De l’assujettissement au politique à l’accusation de trahison
Comme l’explique l’un des martyrs, ils voulaient simplement « que la religion soit libre ». Jean Paul II le constate lors de la béatification, le processus mis en place par l’État pour persécuter la religion est toujours le même. On commence par vouloir l’assujettir au politique et on accuse ensuite ceux qui protestent de trahison.
Le 1er février 1794, il y eut 400 personnes exécutées.

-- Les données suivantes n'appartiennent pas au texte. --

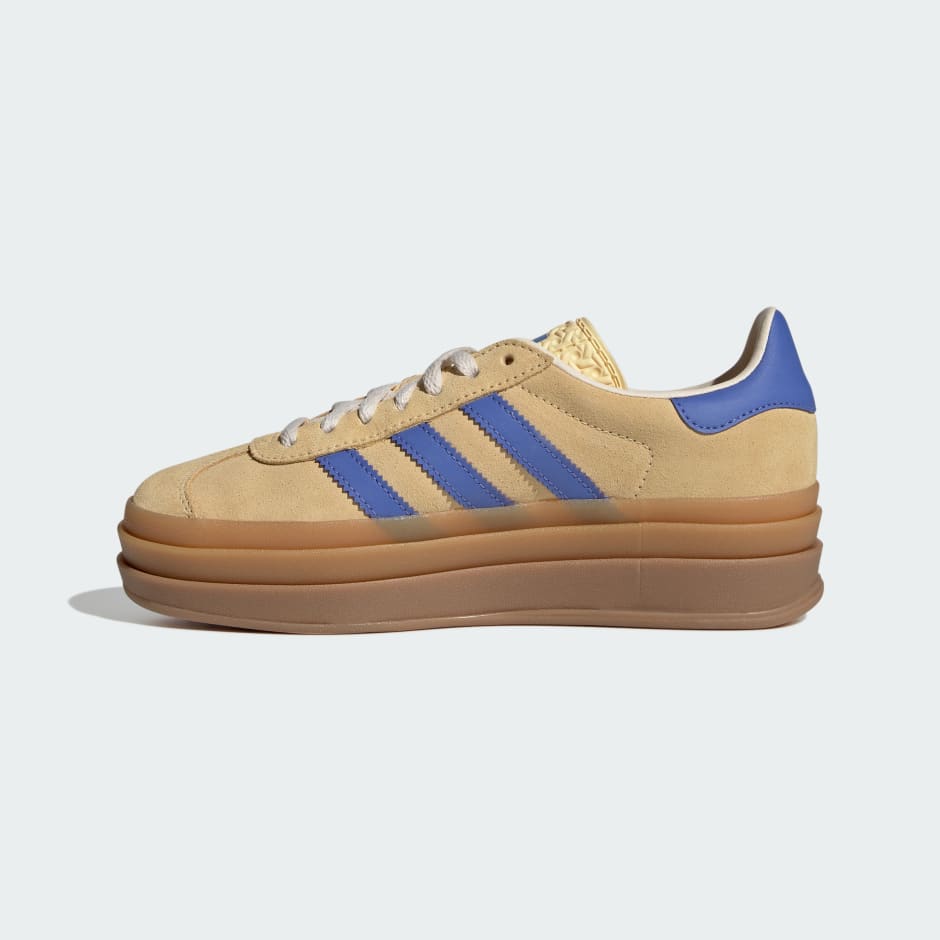 Tenisice Gazelle Bold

Quelques-uns de ces martyrs sont guillotinés, comme Guillaume Repin, prêtre âgé de 84 ans. La plupart d’entre eux sont fusillés avec plusieurs centaines d’autres condamnés. C’est le cas de onze femmes qui sont arrêtées dans le petit village de Montjean (Maine-et-Loire) lors d’une rafle de suspects sur dénonciation. Le jour de l’exécution, les prisonniers quittent Angers à pied, liés deux à deux, jusqu’au lieu du supplice. Sur place, la fosse commune est déjà creusée. Quand la chaîne de prisonniers arrive, raconte Jean de Viguerie, « on les place dans le fond du champ, puis on détache vingt personnes et on les fait approcher de la fosse. » Les gendarmes fusillent les victimes par derrière et elles tombent directement dans la fosse. Cette opération continue pendant plusieurs heures, en fonction du nombre de prisonniers. Le 1er février 1794, il y eut 400 personnes exécutées.
L’histoire de ces martyrs révèle l’histoire de tout un peuple, dans la diversité des vocations et des états de vie, qui témoigne, avec simplicité, sobriété, constance et courage, que rien ne peut le séparer de l’amour de Dieu.